The GoldSilver Team
OCT 13, 2023
As October's chill settled in, Friday the 13th loomed ominously...
But on October 13, 1989, it wasn't just superstitions and ghost stories sending shivers down spines — it was a financial nightmare unfolding on Wall Street.
The Dow Jones took a harrowing dive, marking its second-largest one-day drop in history up to that point. Yet, amidst the turmoil, one asset stood resilient, shining as a beacon of stability.
But before we delve into that, let's catch up on today's news...
CPI Report Shows Inflation Rose More than Expected — The Consumer Price Index rose 3.7% for the 12 months ended in September, slightly above the market expectation of 3.6%. While inflation is far lower than a year ago, it is still proving difficult to tame.
Israel Is at War With Hamas — It’s been one week since the surprise Hamas attack that started a war in Israel. Gold often acts as a hedge against geopolitical turmoil. Since the war began, gold is up over 3% and silver is up nearly 5%.
The United States Owes Nearly $100K per Citizen — According to USdebtclock.org, the U.S. national debt is now over $33.5 trillion, which comes out to $99,847 per citizen and $258,000 per taxpayer. Not only that...
The U.S. Has $194 TRILLION in Unfunded Liabilities — Beyond just Social Security and Medicare, the total financial burden in the U.S. is hard to comprehend. Broken down, it equals an astonishing $578,000 liability for every U.S. citizen.

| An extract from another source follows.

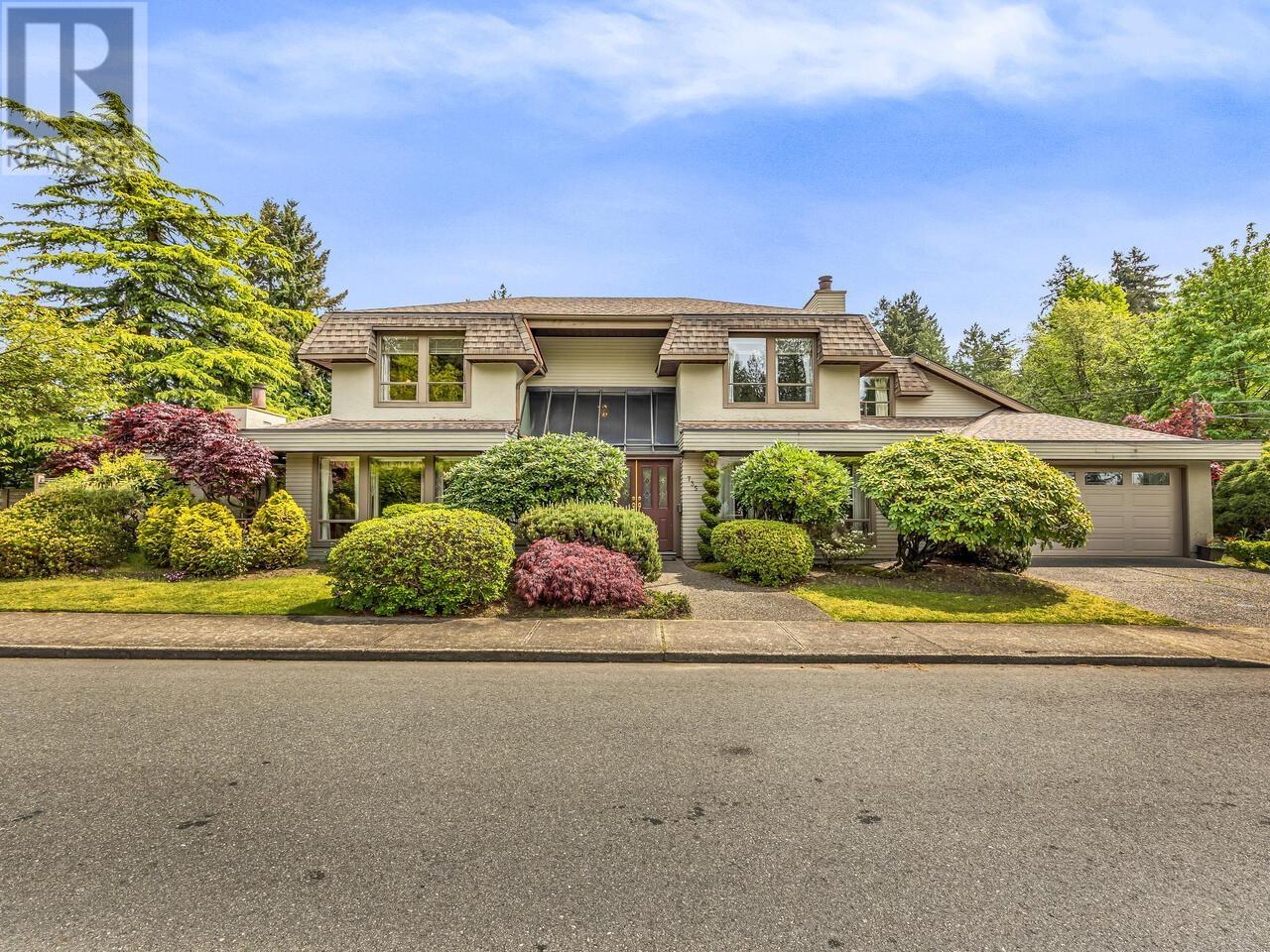 735 Sprice Ave, Coquitlam, BC V3J 2P2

Rising Bond Yields Mean the Debt Crisis Is Getting Real — U.S. Treasury bond yields are reaching heights unseen in years, with the 10-year Treasury bond approaching a 5% yield. Why is this significant? "We took out a mortgage thinking we'd be paying 2%, but now we're paying 5%," Marc Goldwein, director of policy at the Committee for a Responsible Federal Budget wrote on X, formerly Twitter.
World Gold Council Releases Q4 Gold Commentary — With bond yields continuing to move higher alongside a still buoyant US economy, the World Gold Council reports that gold is likely to face continued turbulence over the next few weeks.
It was the late eighties and Friday the 13th was fast approaching – however, instead of the typical spooky tales of ghosts and goblins, October 13, 1989, brought a different kind of terror to Wall Street.
Seemingly out of nowhere, the Dow Jones Industrial Average (DJIA) dropped a chilling 6.91% – which was the second-largest one-day percentage drop (at the time) in market history. This day became known by some as "Black Friday" around the stock market.
So, what spooked the market?
The crash was triggered by the collapse of a $6.75 billion leveraged buyout deal for UAL Corporation, the parent company of United Airlines. When this deal unraveled, it sent shockwaves through the financial world, leading to a massive collapse of the junk bond market.
In the simplest terms, junk bonds are high-risk, high-reward bonds. Throughout the 1980s, the market for these bonds exploded, growing from $10 billion in 1979 to a whopping $189 billion by 1989, an increase of 34% annually.
Initially, junk bonds were tied to companies that once had solid reputations but had hit hard times, causing their credit ratings to drop. But by the 1980s, these bonds weren't just for struggling companies. They became popular tools for big financial moves like leveraged buyouts and mergers.
This trend snowballed, and soon, many businesses were using junk bonds for various financial needs. But as with any trend that grows too big too fast, it became a bubble. And on that fateful Friday, the bubble burst.
While October has had its share of disastrous stock market days, in actuality, negative financial events aren't limited to that month. It turns out, October is no more of a magnet for market collapses and the onset of crises that any other time of the year.
But it’s a good reminder that during these times of crisis, it’s good to have your nest egg hedged with gold, just in case something happens.
Generally speaking, gold and equity have an inverse relationship. This means, that when the gold price goes up, prices in the stock market will fall and vice versa.
Historically it has been observed that when the stock market is most pessimistic, gold performs very well.
This makes sense when you think about it. Stocks benefit from economic growth and stability while gold benefits from economic distress and crisis. If the stock market falls, fear is usually high, which means investors are more likely to seek out the safe haven of gold. If stocks are moving higher month after month, the perceived need for gold from mainstream investors is low.
Even if gold initially declines during a stock market collapse, one should not assume it’s down for the count. In fact, history says it might be a great buying opportunity.